Exercise aim
Take the lines below beginning at the line that has "Load image into" and stopping after the line that has "Передний бампер на hyundai solaris 2021", and print them exactly as they are, with no other lines.

Input material
....

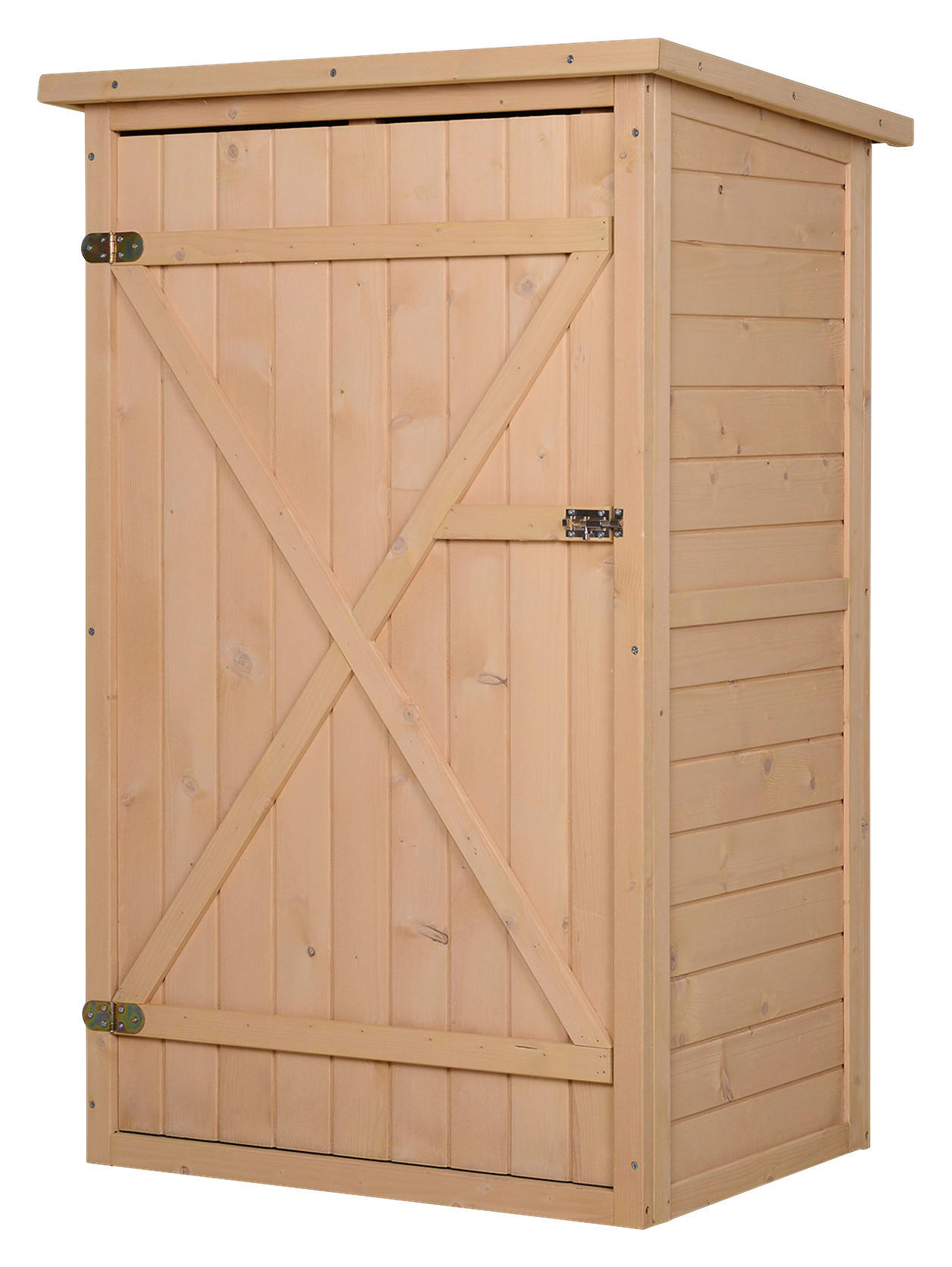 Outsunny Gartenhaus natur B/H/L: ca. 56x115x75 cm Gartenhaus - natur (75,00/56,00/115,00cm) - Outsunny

....

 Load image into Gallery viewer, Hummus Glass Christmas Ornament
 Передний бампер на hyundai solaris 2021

....

Result for this exercise
 Load image into Gallery viewer, Hummus Glass Christmas Ornament
 Передний бампер на hyundai solaris 2021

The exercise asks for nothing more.